(Beginning of Dataset excerpt)
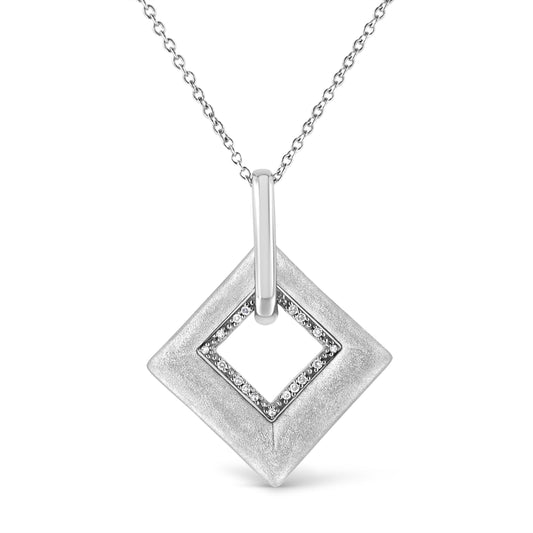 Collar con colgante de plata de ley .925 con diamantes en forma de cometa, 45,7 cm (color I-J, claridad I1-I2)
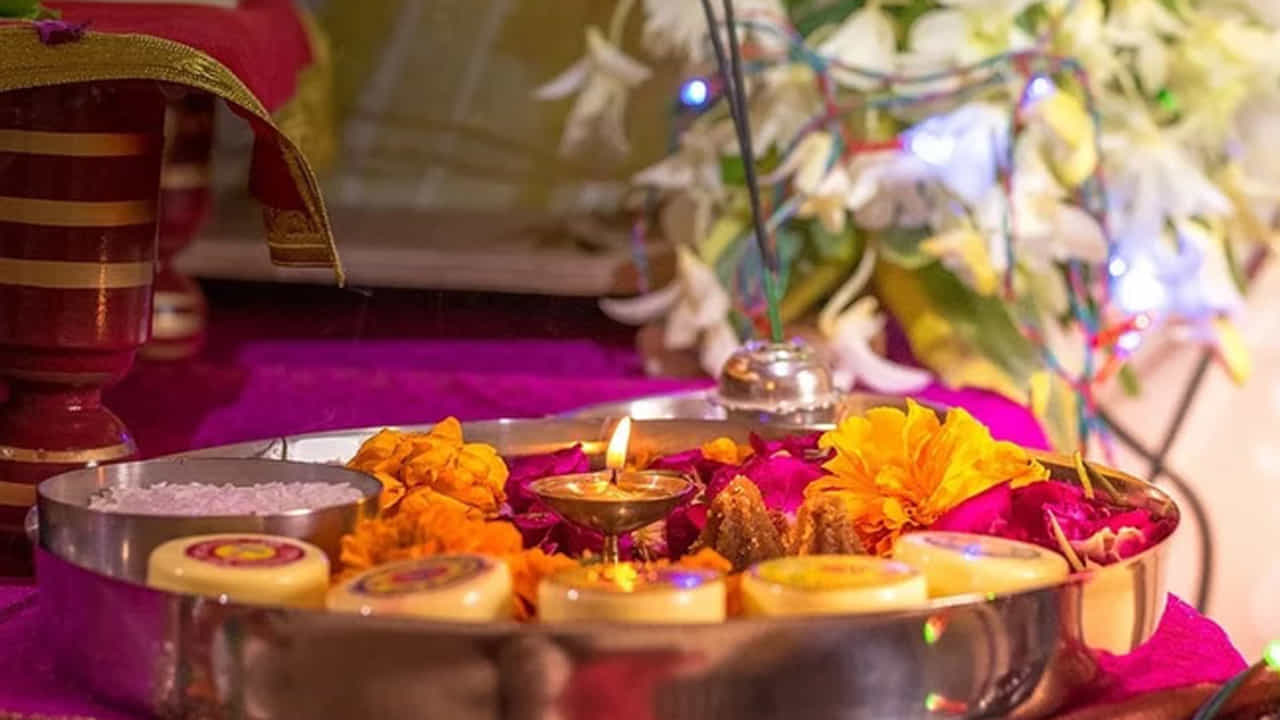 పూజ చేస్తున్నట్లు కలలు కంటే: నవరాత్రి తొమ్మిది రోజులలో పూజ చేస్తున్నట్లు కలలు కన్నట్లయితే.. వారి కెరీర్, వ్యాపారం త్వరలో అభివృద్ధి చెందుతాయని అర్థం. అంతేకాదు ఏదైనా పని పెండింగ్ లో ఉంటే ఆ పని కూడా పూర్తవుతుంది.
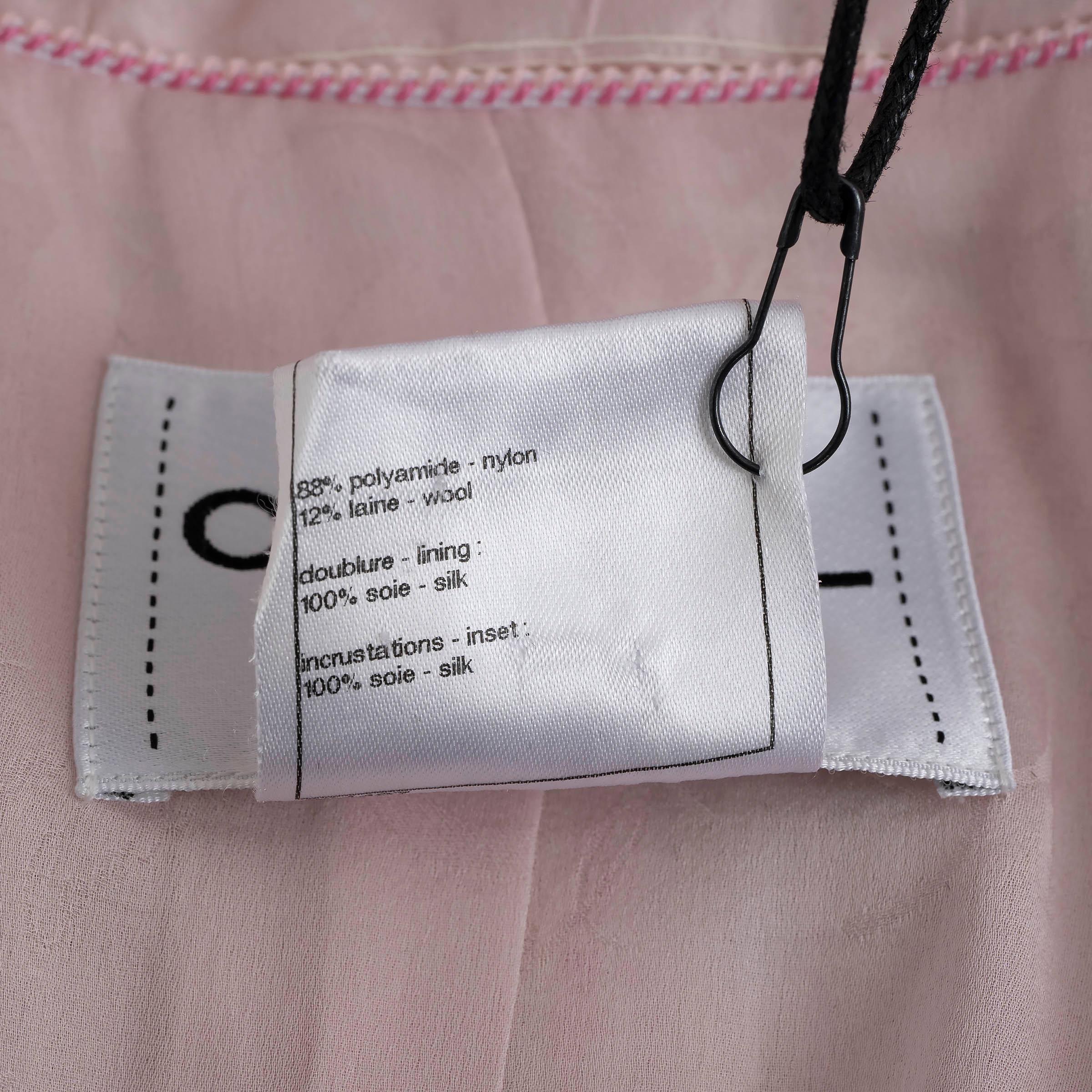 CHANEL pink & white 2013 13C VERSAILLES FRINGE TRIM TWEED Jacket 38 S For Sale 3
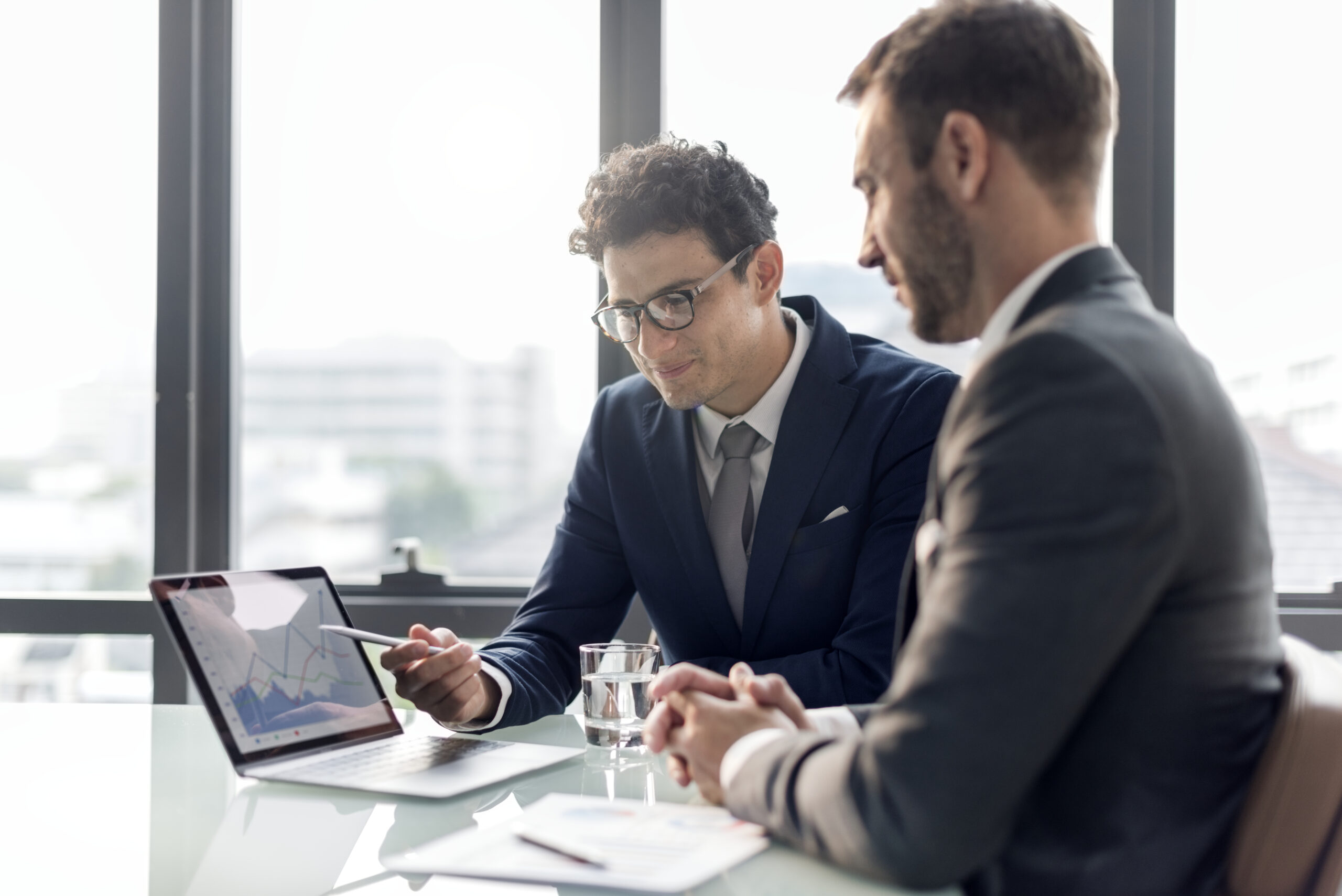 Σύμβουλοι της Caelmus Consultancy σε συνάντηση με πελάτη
(End of Dataset excerpt)
Your reply should hold exactly the lines from the line containing "CHANEL pink &" through the final line of the listing, and none of the pictures.

The completed task -
 CHANEL pink & white 2013 13C VERSAILLES FRINGE TRIM TWEED Jacket 38 S For Sale 3
 Σύμβουλοι της Caelmus Consultancy σε συνάντηση με πελάτη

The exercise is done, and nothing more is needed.